« Pour moi, demander à quelqu’un combien il gagne, c’est presque aussi annexe que de lui demander sa pointure de chaussure », lance Fares Khaldi, 23 ans, commercial chez Aello Piscines, une société qui pratique la transparence totale des salaires. Mais le jeune homme a bien conscience que tout le monde n’aborde pas le sujet avant autant de facilité : « avec des personnes externes à l’entreprise, c’est plus compliqué, voire quasiment impossible », lâche-t-il.

« Mes beaux-parents, je n’ai jamais su combien ils gagnaient quand ils étaient en emploi, ils n’ont jamais osé donner un montant », confirme sa collègue, Magnolia Vallon. A 28 ans, cette employée administrative assure n’avoir « aucun tabou là-dessus ». « J’en parle facilement avec ma famille et mes amis, mais les personnes plus âgées ont plus de mal avec ça, ils ne sont pas habitués. Pour eux, cela ne regarde qu’eux », poursuit-elle.

Comme Magnolia et Fares, plusieurs observateurs constatent une évolution des mentalités sur ce sujet. Selon une étude réalisée par le site de recherche d’emploi Monster France en septembre 2022, 62 % des 18 – 34 ans se disent « à l’aise » pour parler de leur salaire avec leurs proches, contre 42 % des plus de 50 ans.

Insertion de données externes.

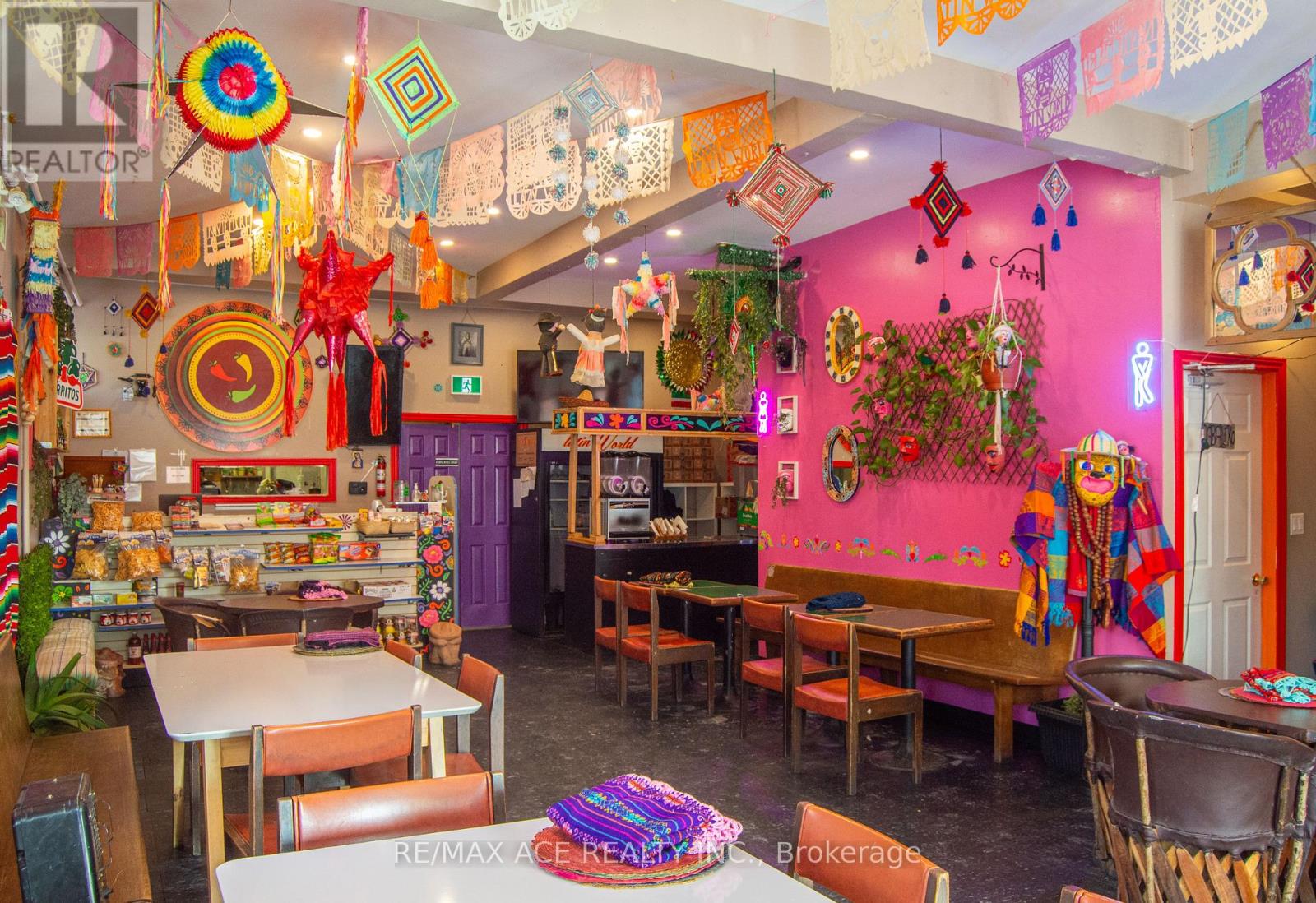 1262 Bloor Street W, Toronto, Ontario  M6H 1N5 - Photo 13 - W12796072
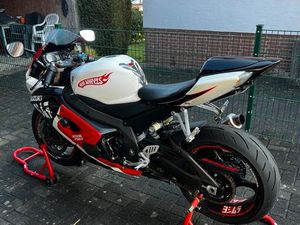 SUZUKI GSXR 1000 K5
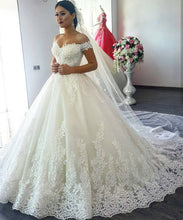 Load image into Gallery viewer, Vintage V-neck Off The Shoulder Lace Wedding Ball Gown Dresses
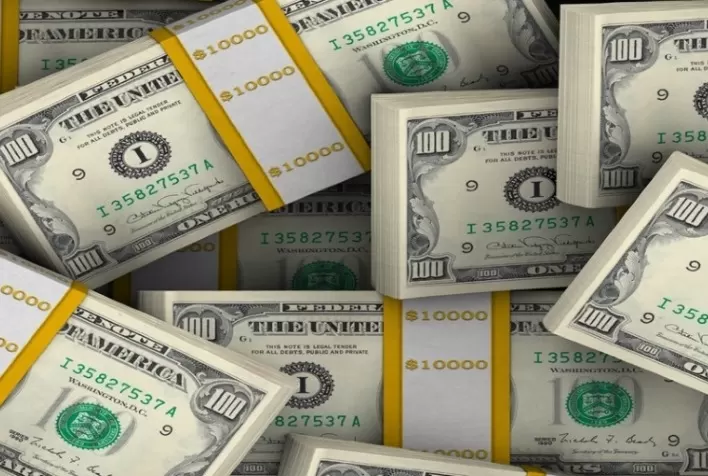Dólar recua ante real com manutenção de fluxos e otimismo sobre a China; mercado aguarda dados dos EUA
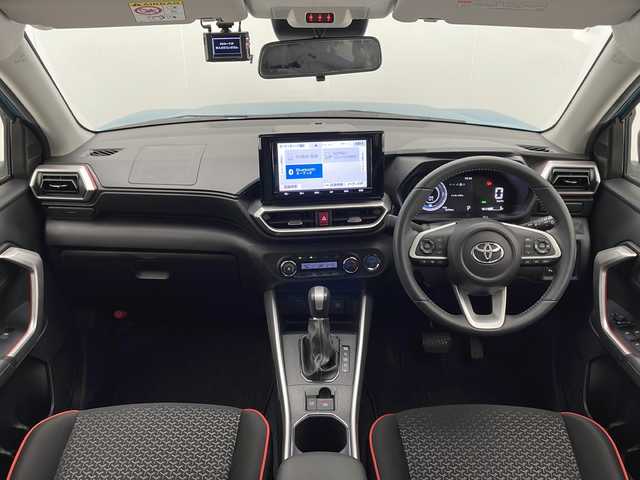 トヨタ ライズ Z 宮崎県 2022(令4)年 1万km ターコイズブルーマイカメタリック スマートアシスト3/〇衝突警報機能/衝突回避支援ブレーキ機能/〇ブレーキ制御付き誤発進抑制機能（前方・後方）/〇車線逸脱警報機能/車線逸脱抑制制御機能/〇ふらつき警報/〇路側逸脱警報/〇全車速追従機能付きACC（アダプティブクルーズコントロール/〇LKC（レーンキープコントロール）/〇ADB（アダプティブドライビングビーム）/〇標識認識機能/〇コーナーセンサー/純正9インチSDナビ/フルセグTV/CD/DVD/Bluetooth/パノラミックビューモニター/シートヒーター/AC100V電源/LEDヘッドライト/前後ドライブレコーダー/ビルトインETC2.0/純正17インチAW/保証書/取扱説明書/ナビ取扱説明書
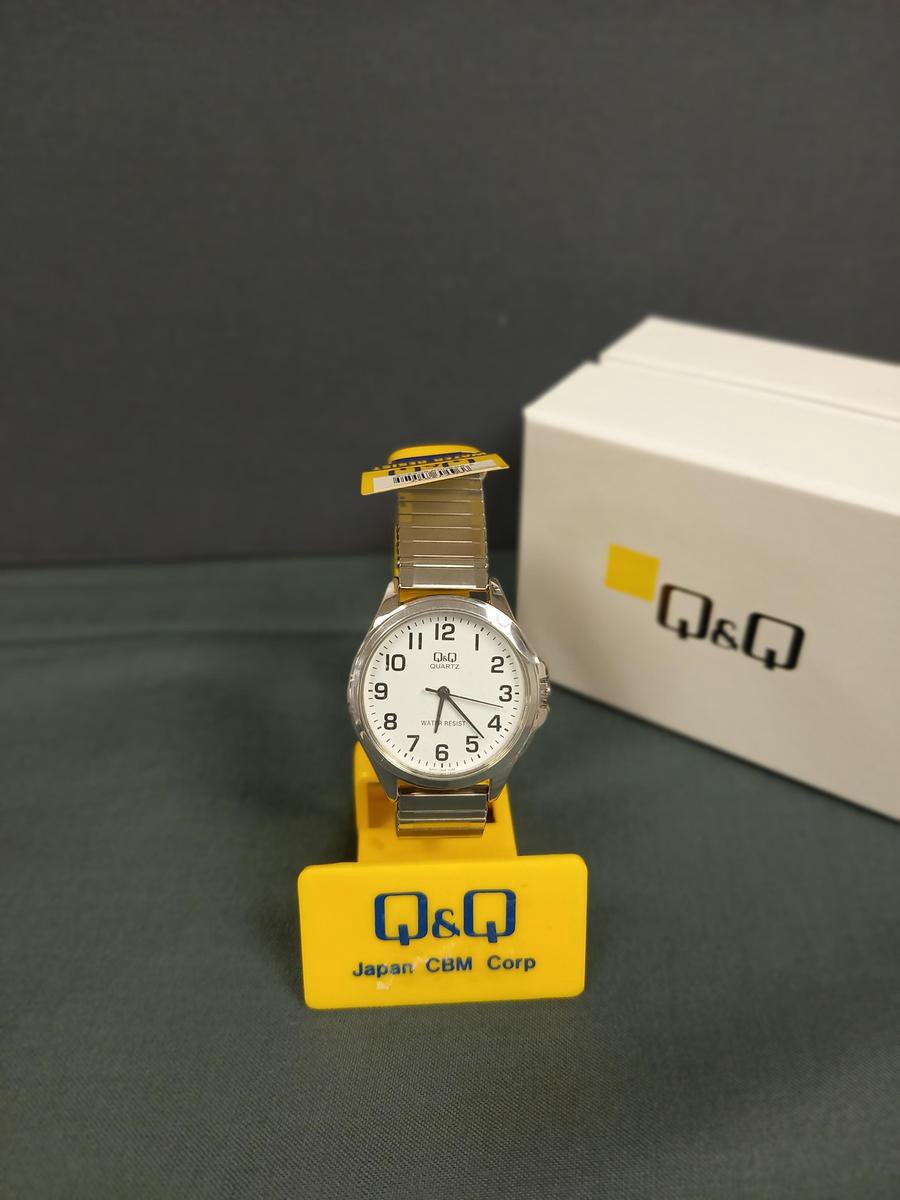 QQ Dames horloge met rekband -zilverkleurig.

Parler de ses revenus a longtemps été considéré comme tabou en France. « C’est une espèce de conditionnement qui remonte à assez loin », recontextualise Janine Mossuz-Lavau, sociologue, auteure de « L’argent et nous ». « A quelques générations près, nous venons presque tous du monde paysan. A cette époque, on gardait l’argent à la maison donc il ne fallait pas en parler, cela pouvait susciter des jalousies et, surtout, on pouvait venir vous voler », raconte-t-elle. « Il y a aussi le poids de la culture catholique : si on avait de l’argent il fallait aider les pauvres donc il valait mieux ne pas le dire. Et puis, pour une partie de la population, il y a eu aussi les idées marxistes : les gens n’ont retenu qu’une seule chose, le profit c’est mal », poursuit la chercheuse.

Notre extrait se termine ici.